As Assumpta Karire from Gitega, Burundi, taught Lindsay Sterling in Portland, Maine. Photos by Lindsay Sterling.
Cooking time: 30-45 minutes
Note: Assumpta said: "ipilau has everything in it that you need." In Burundi, it's often served with beans, stewed greens, baked chicken with saucy vegetables, and salad.
- 2 Tbsp vegetable oil
- 1/2 green pepper, sliced
- 2 large onions, large dice
- 1/2 cup carrots, cut into 1 1/2 inch segments
- 4 tsp pilau spice mixture (see below)
- large handful green beans
- 1/2 cup peas
- 2 1/2 cups white long-grain rice such as basmati or jasmin
- 4 cups water
Ipilau Spice Mixture:
- 6-16 small, hot dried chilis or 1-3 tsp ground chili powder depending on your spice preference
- 1 tsp whole black peppercorns
- 1 tsp ground cinnamon or 5 pieces (1-2 inches long)

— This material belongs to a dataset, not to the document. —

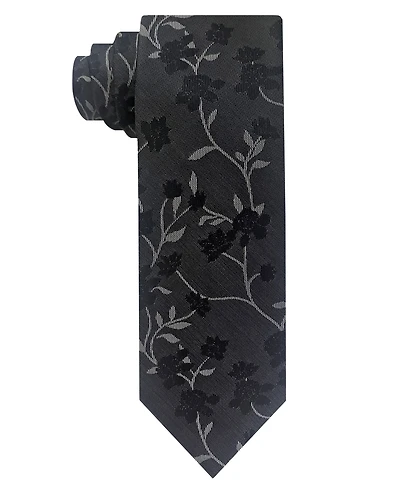 Van Heusen Men's Tonal Floral Slim Tie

- 10 whole green cardamon pods
- 1/2 tsp whole cloves
- 1 tsp whole cumin
- 1 piece whole mace or 1/2 tsp mace powder (optional)
- 1/2 tsp ground nutmeg
- 3 bay leaves
- 3 whole star anise
- 1 tsp coriander seeds
1. Blend the ipilau spices in a spice grinder or coffee grinder. You'll have about 12 teaspoons total of the spice mixture. You'll only use 4 tsp today, so put the extra in a small jar or ziplock and use it again next time you make ipilau.
2. Choose a large pot that has a lid. With the lid off, saute onions and peppers in oil for twenty minutes on medium.
3. Add carrots, salt, spices, peas, green beans, and rice. Saute for a couple minutes, stirring, and then add water.
4. Bring to a boil, put lid on, turn heat to low. Rice is ready in about 15 minutes when all the water is absorbed and rice is soft.